HOUSE BILL ANALYSIS
HB 1532
Title: An Act relating to public utility tax credits for energy assistance programs.
Brief Description: Public utility tax credits for energy assistance programs.
Sponsors: Representatives Mastin, Poulsen, Pennington, Mitchell, Crouse, Kessler, Morris and Grant.
HOUSE COMMITTEE ON
TECHNOLOGY, TELECOMMUNICATIONS & ENERGY
Meeting Date: February 12, 1999
Bill Analysis Prepared by: Julia Harmatz, (786-7135)
Background:
Energy assistance funds are used to help low-income households meet the costs of home heating, make furnace repairs, and educate recipients on how to reduce their energy consumption and better manage their heating resources.

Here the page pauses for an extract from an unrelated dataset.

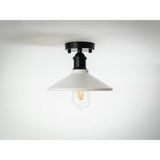 Riolight Retro3,rustik Mutfak,oda,kolidor Için Tekli Metal Sarkıt Plofonyer Avize ÇAP:23 - Beyaz - 1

The Low-Income Home Energy Assistance Program (LIHEAP) is a federal block-grant program that provides funds to states for low-income energy assistance and weatherization programs. The Department of Community, Trade, and Economic Development (CTED) distributes LIHEAP funds to a service network of 27 contractors, 23 locally based nonprofit organizations, and four units of local government.

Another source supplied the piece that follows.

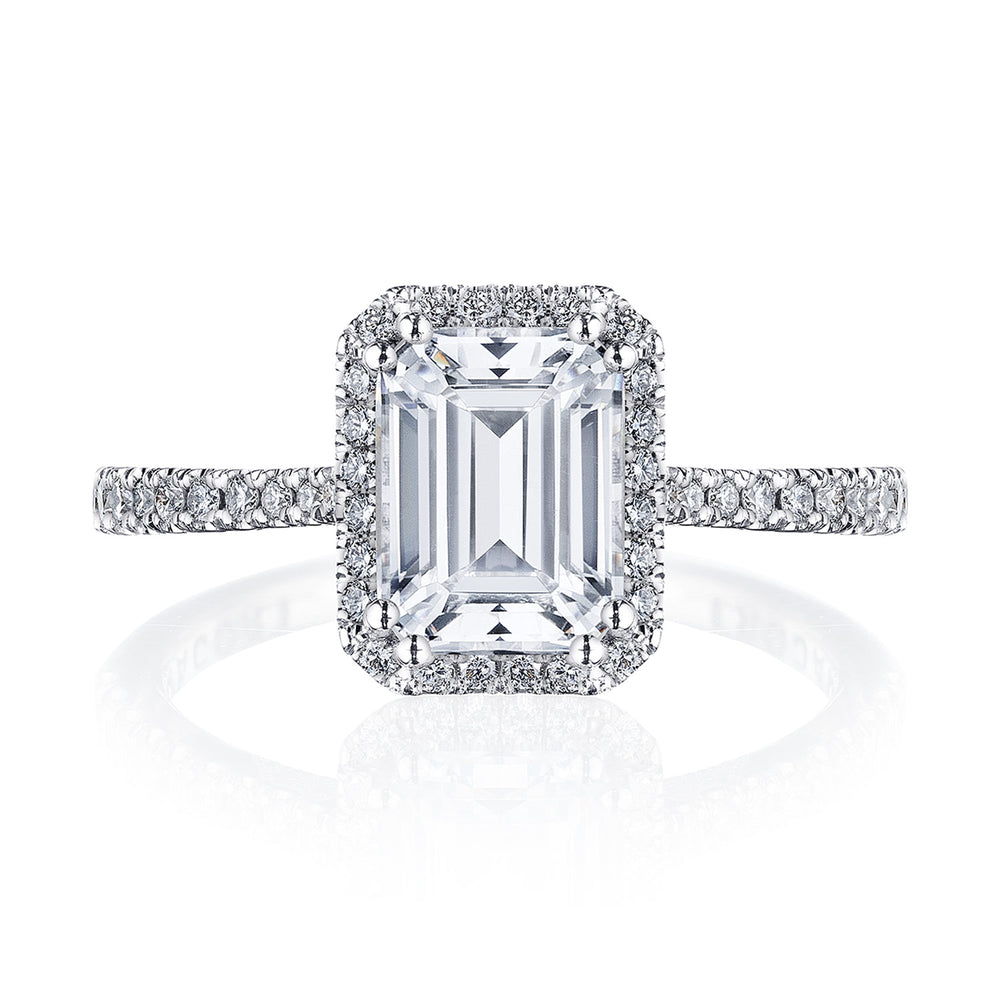 Emerald Bloom Engagement Ring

Households eligible to receive LIHEAP funds are households at or below 125 percent of federal poverty guidelines (approximately $17,000 annual income for a family of three). The lowest income households receive up to 80 percent of heating costs as a benefit and those at 125 percent of poverty receive 40 percent of heating costs as a benefit. The maximum benefit per heating season is $700.

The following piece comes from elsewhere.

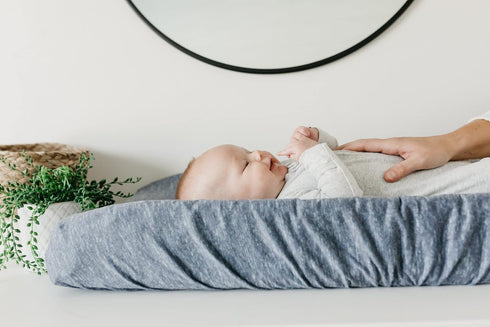 Premium Knit Changing Pad Cover by Copper Pearl: Soft, Stylish, and Universal Fit for All Standard Diaper Changing Pads, Trendy Design Changing Pa...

Due to repeated reductions in federal funding over the past several years, CTED now provides assistance to approximately one half as many households as it did in 1990 (46,000 households in 1998 compared to 96,000 households in 1990), which represents approximately 18 percent of the eligible population.
Public and investor-owned utilities, such as electric utilities and natural gas distribution companies, pay a state public utility tax on gross receipts, instead of the business and occupation tax.
Summary:
Electric and gas utilities may be allowed a tax credit against the state public utility tax for making grants directly, or through the Department of Community, Trade, and Economic Development (CTED), to organizations that contract with CTED to provide low-income energy assistance for specified service areas.
A local organization receiving qualifying grants may apply the money to the low-income energy assistance program that best meets a community=s needs, as determined by the organization.
Credits are approved only if the combined total of the allotted credits to non profit or governmental organizations does not exceed five (5) percent of LIHEAP funds as allotted within the particular service area in federal fiscal year 1995. The application and approval process is specified. The recipient of the credit is directed to keep a running total of all credits approved to verify eligibility.
The amount of an applicant's tax credit is limited to the amount of the public utility tax imposed for a calender year. Unused credit may not be carried over. Refunds may not be given in lieu of tax credits, and no credit may be approved for grants made before the effective date of the act.
Appropriation: None.
Fiscal Note: Requested.
Effective Date of Bill: July 1, 1999.